Which lines below hold the word "Inch"? Copy all of them.

══ Data to use ══

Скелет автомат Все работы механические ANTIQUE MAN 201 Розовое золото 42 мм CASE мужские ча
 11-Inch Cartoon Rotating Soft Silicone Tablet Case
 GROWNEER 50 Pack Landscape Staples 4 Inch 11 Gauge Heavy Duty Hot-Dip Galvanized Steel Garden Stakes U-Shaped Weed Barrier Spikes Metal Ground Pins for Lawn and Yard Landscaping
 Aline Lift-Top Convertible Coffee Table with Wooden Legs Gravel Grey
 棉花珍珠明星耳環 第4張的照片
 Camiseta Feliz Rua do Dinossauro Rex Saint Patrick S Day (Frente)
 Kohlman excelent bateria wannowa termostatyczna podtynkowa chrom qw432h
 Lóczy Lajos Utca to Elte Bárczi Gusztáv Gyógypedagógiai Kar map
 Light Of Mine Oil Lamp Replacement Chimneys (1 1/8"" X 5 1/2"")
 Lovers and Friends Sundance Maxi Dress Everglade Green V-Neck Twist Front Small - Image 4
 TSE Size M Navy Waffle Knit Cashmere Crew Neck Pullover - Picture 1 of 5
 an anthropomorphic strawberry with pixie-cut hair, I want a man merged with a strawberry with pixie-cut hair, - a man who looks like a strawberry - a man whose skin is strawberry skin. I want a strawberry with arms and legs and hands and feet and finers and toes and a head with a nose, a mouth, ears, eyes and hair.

═══

Answer box:
 11-Inch Cartoon Rotating Soft Silicone Tablet Case
 GROWNEER 50 Pack Landscape Staples 4 Inch 11 Gauge Heavy Duty Hot-Dip Galvanized Steel Garden Stakes U-Shaped Weed Barrier Spikes Metal Ground Pins for Lawn and Yard Landscaping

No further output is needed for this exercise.